I do not want to include support for back-referencing as it is not included in the standards and furthermore it can result in catastrophic backtracking as described here.

Is there a way I can compile and run a regex in C that is compliant with POSIX ERE standards and does not include back-referencing as a feature?

dsouza
  • 39
  • 5
  • POSIX regex does not allow backreferences and does not cause catastrophic backtracking. – Wiktor Stribiżew Dec 13 '18 at 18:08
  • @WiktorStribiżew I understand that the POSIX ERE standards do not allow back-references, but I am unable to find an implementation in C that does not include this feature. If you run the above code it does indeed compile and understand back-referencing syntax. – dsouza Dec 13 '18 at 18:13
  • There is always the blunt option of pre-processing the regexes before passing them on to the library you are using to filter or escape the non-POSIX features you don't want. Effectively you'd be writing a de-extending wrapper for POSIX-plus regex libraries. However, I would first look around for another regex library that does what you want, and would consider writing one from scratch as the other obvious option. – Tom Dec 13 '18 at 18:18
  • Excellent question. I've somehow assumed after reading `regex(7)` that only BRE would support back references, yet your code proves otherwise! – Antti Haapala -- Слава Україні Dec 13 '18 at 19:34
  • 1
    @Tom I am afraid you might be right with those being my only solutions. I was hoping to avoid the minefield of pre-processing the regexen or writing a library from scratch. – dsouza Dec 13 '18 at 20:16

2 Answers2

2

While ERE regexes are not a regular language (due to parentheses level matching), this aspect does not affect quoting, so it should be possible to write a fairly simple regex such that, if a string matches it, either it's a valid ERE without backreferences or other extensions, or it has mismatched parentheses levels. To do this just treat parentheses as normal characters. Most of the work will be writing the regex for a valid bracket expression. Then, match your input strings against this fixed regex before trying to compile them.

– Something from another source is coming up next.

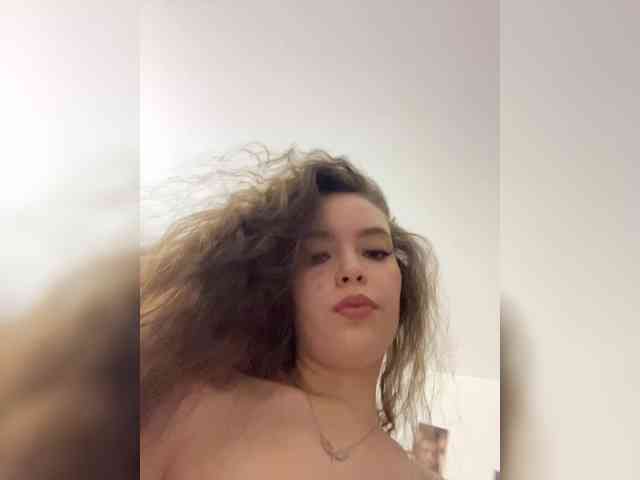 YourLadyyy webcam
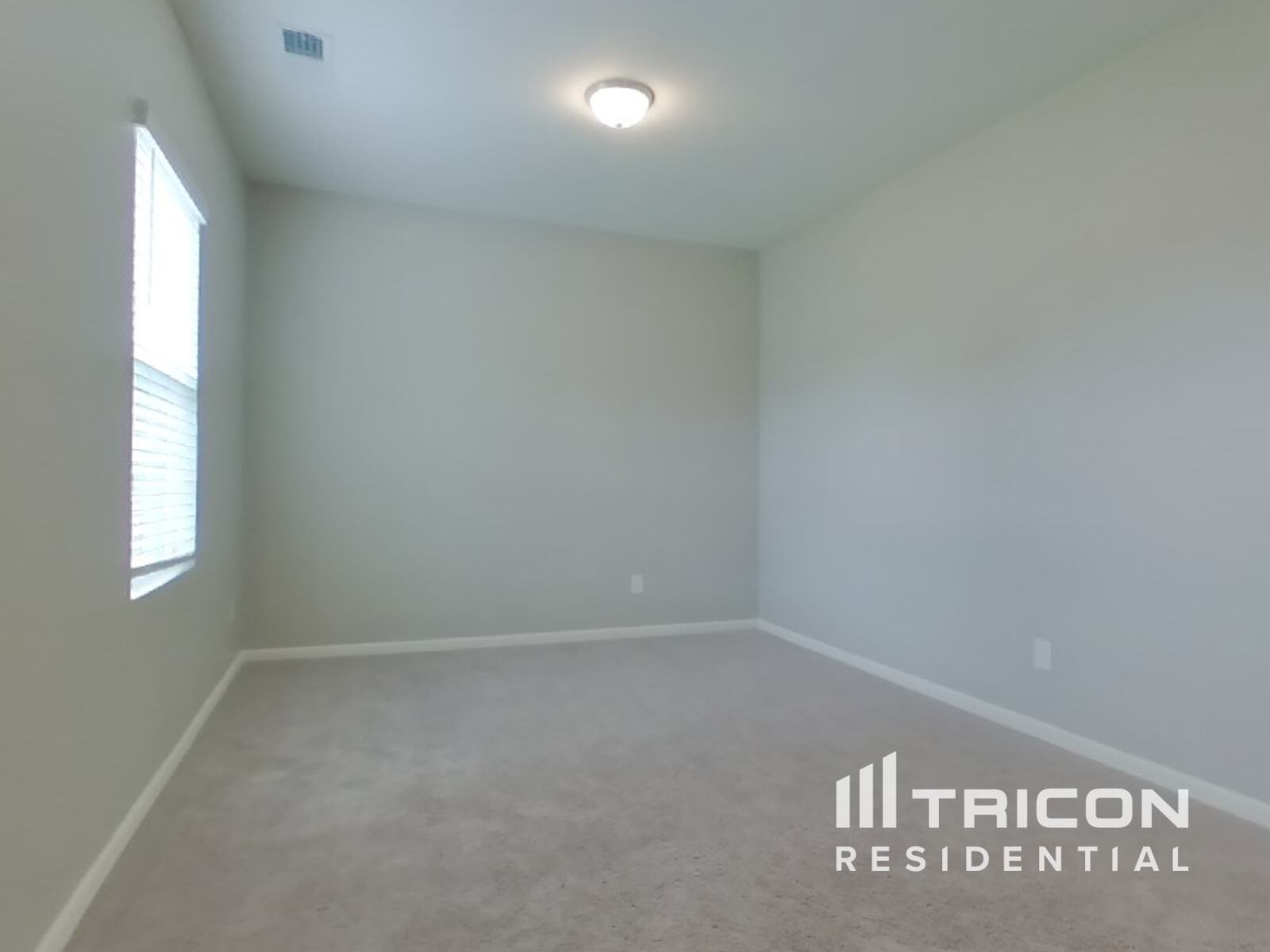 Building Photo - 504 Cole Creek Dr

I think the following is a correct regex for bracket expressions, with annotations below the parts:

\[^?]?(\[\.([^.]|\.[^]])+\.]|\[=([^]=]|=[^]])+=]|\[:([^]:]|:[^]])+:]|[^]])*]
       ^^^^^^^^^^^^^^^^^^^^^ ^^^^^^^^^^^^^^^^^^^ ^^^^^^^^^^^^^^^^^^^ ^^^^
       collating symbol      equivalence class   character class     char

A "pseudo-ERE" is then:

($bracket|[^[\]|\[[.(\)*+?{|^$])*

where $bracket is the above regex for brackets.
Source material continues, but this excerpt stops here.